We can now exploit the layered logic of tm_map to first draw the outlines of the sub-boroughs using tm_borders, followed by tm_dots for the point layer. The tm_dots command is a specialized version of tm_symbols, which has a very large set of options.

We use two simple options: size=0.2 to make the points a little larger than the default, and col to set the color to red.

tm_shape(nyc.bound) +
  tm_borders() +
  tm_shape(nycentroid) +
  tm_dots(size=0.2,col="red")

A close examination of the map reveals that the centroid locations can be problematic for non-convex polygons.

We can save the centroid point layer as a shape file by means of the st_write function we saw earlier (in the spatial data handling notes).

st_write(nycentroid, "nyc_centroids", driver = "ESRI Shapefile")
## Writing layer `nyc_centroids' to data source `nyc_centroids' using driver `ESRI Shapefile'
## features:       55
## fields:         34
## geometry type:  Point

Common Map Classifications

The statistical aspects of a choropleth map are expressed through the map classification that is used to convert observations for a continuous variable into a small number of bins, similar to what is the case for a histogram.

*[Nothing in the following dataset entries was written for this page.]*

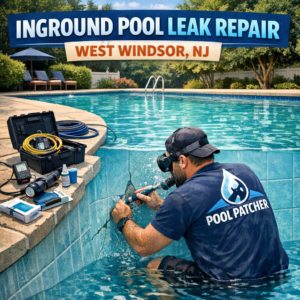 Technician using specialized equipment to detect and repair an inground pool leak in West Windsor, NJ.
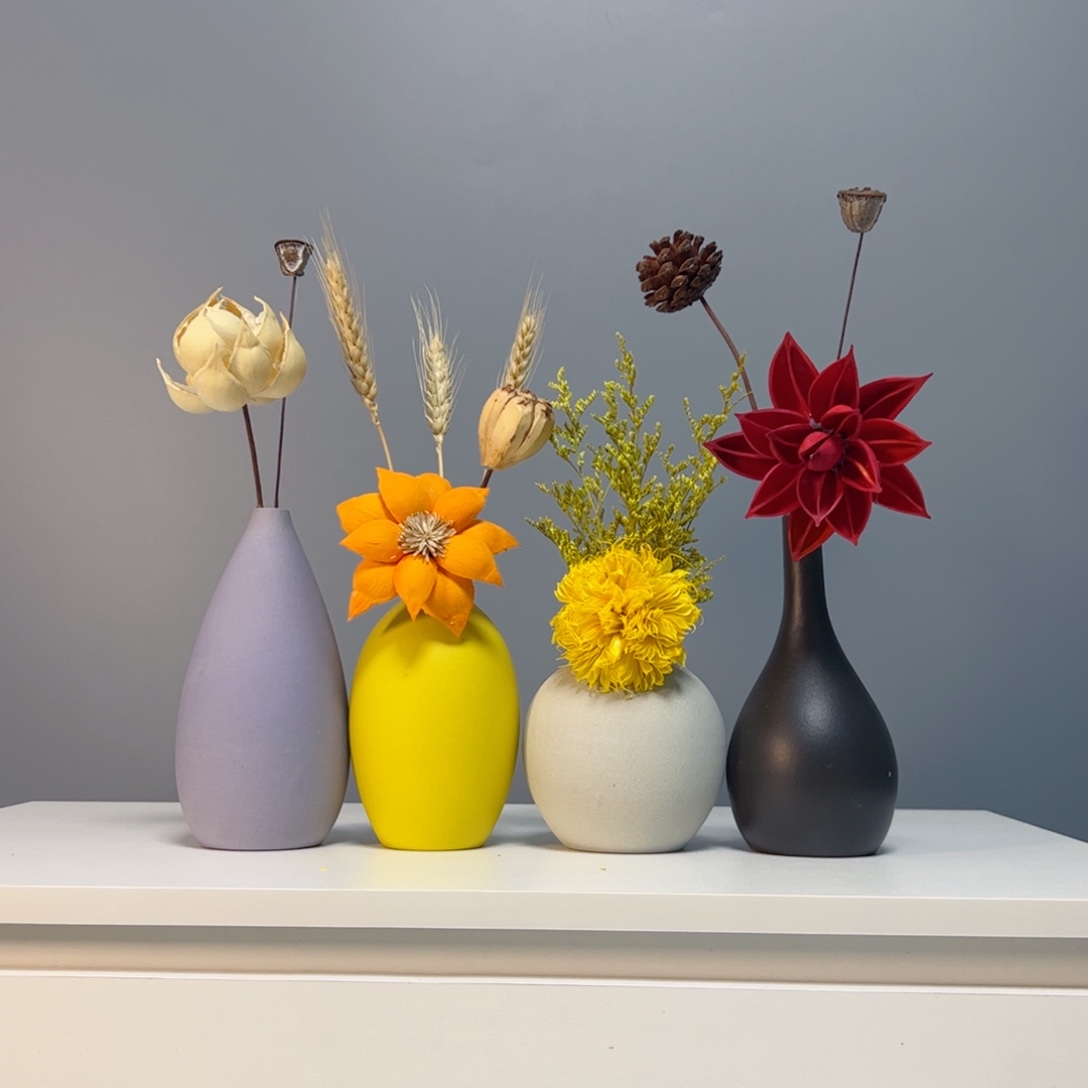 陶瓷花瓶景德镇手作陶瓷花瓶摆件无孔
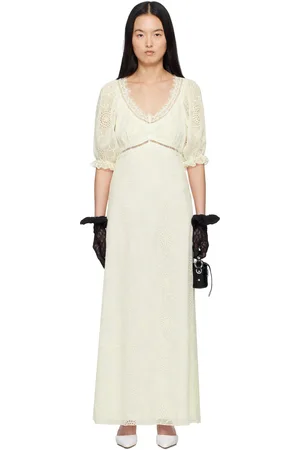 Anna Sui Robe longue blanc cassé à motif fleuri brodé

Different classifications reveal different aspects of the spatial distribution of the variable.

In tmap, the classification is selected by means of the style option in tm_fill. So far, we have used the default, which is set to pretty. The latter is a base R function to compute a sequence of roughly equally spaced values. Note that the number of intervals that results is not necessariy equal to n (the preferred number of classes), which can seem confusing at first.5

There are many classification types available in tmap, which each correspond to either a base R function, or to a custom expression contained in the classIntervals functionality.

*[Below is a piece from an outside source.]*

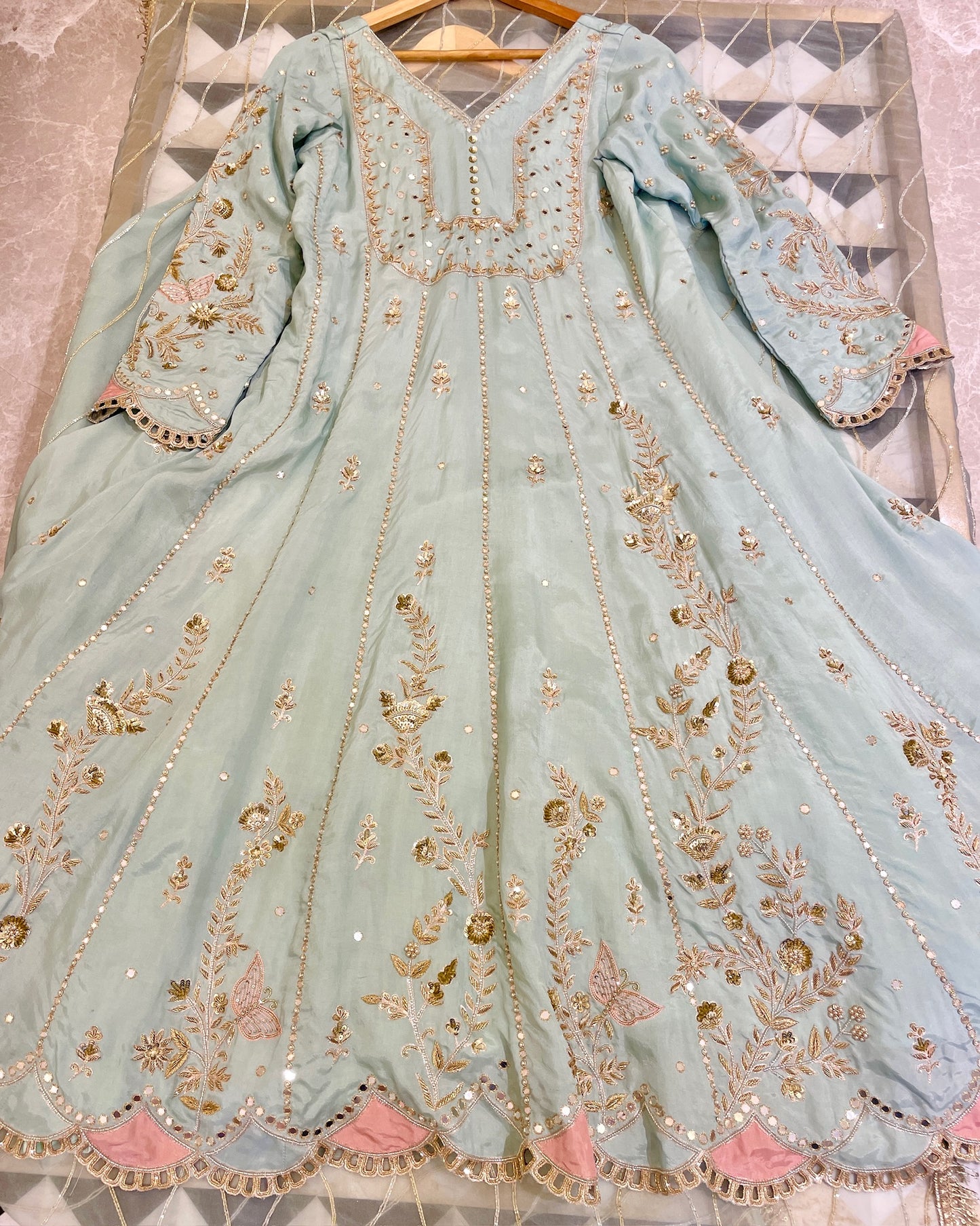 Blush Pink Hand-Embroidered Anarkali Set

In this section, we review the quantile map, natural breaks map, and equal intervals map, and also illustrate how to set custom breaks with their own labels. For a detailed discussion of the methodological issues associated with these classifications, we refer to the GeoDa Workbook. We continue to use the same example for rent2008.

Quantile map

A quantile map is obtained by setting style=“quantile” in the tm_fill command. The number of categories is taken from the n argument, which has a default value of 5. So, for example, using this default will yield a quintile map with five categories (we specify the type of map in the title through tm_layout).

tm_shape(nyc.bound) +
  tm_fill("rent2008",title="Rent in 2008",style="quantile")  +
  tm_borders() +
  tm_layout(title = "Quintile Map", title.position = c("right","bottom"))

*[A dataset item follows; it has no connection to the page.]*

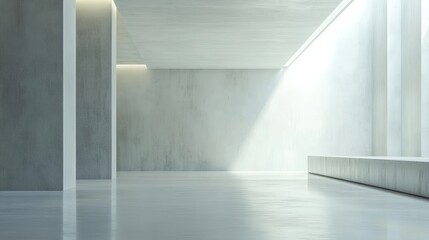Obraz premium Modern minimalist empty room interior design with light gray walls and floor calm home space clean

We follow the example in the GeoDa Workbook and illustrate a quartile map. This is created by specifying n=4, for four categories with style=“quantile”. The rest of the commands are the same as before.

tm_shape(nyc.bound) +
  tm_fill("rent2008",title="Rent in 2008",n=4,style="quantile")  +
  tm_borders() +
  tm_layout(title = "Quartile Map", title.position = c("right","bottom"))

Natural breaks map

A natural breaks map is obtained by specifying the style = “jenks” in tm_fill. All the other options are as before. Again, we illustrate this for four categories, with n=4.

tm_shape(nyc.bound) +
  tm_fill("rent2008",title="Rent in 2008",n=4,style="jenks")  +
  tm_borders() +
  tm_layout(title = "Natural Breaks Map", title.position = c("right","bottom"))

Equal intervals map

An equal intervals map for four categories is obtained by setting n=4, and style=“equal”. The resulting map replicates the result in GeoDa.

tm_shape(nyc.bound) +
  tm_fill("rent2008",title="Rent in 2008",n=4,style="equal")  +
  tm_borders() +
  tm_layout(title = "Equal Intervals Map", title.position = c("right","bottom"))

Custom breaks

For all the built-in styles, the category breaks are computed internally. In order to override these defaults, the breakpoints can be set explicitly by means of the breaks argument to the tm_fill function. To illustrate this, we mimic the example in the GeoDa Workbook, which uses the variable kids2000. The classification results in six categories. Unlike what is the case in the GeoDa Category Editor, in tmap the breaks include a minimum and maximum (in GeoDa, only the break points themselves need to be specified). As a result, in order to end up with n categories, n+1 elements must be specified in the breaks option (the values must be in increasing order).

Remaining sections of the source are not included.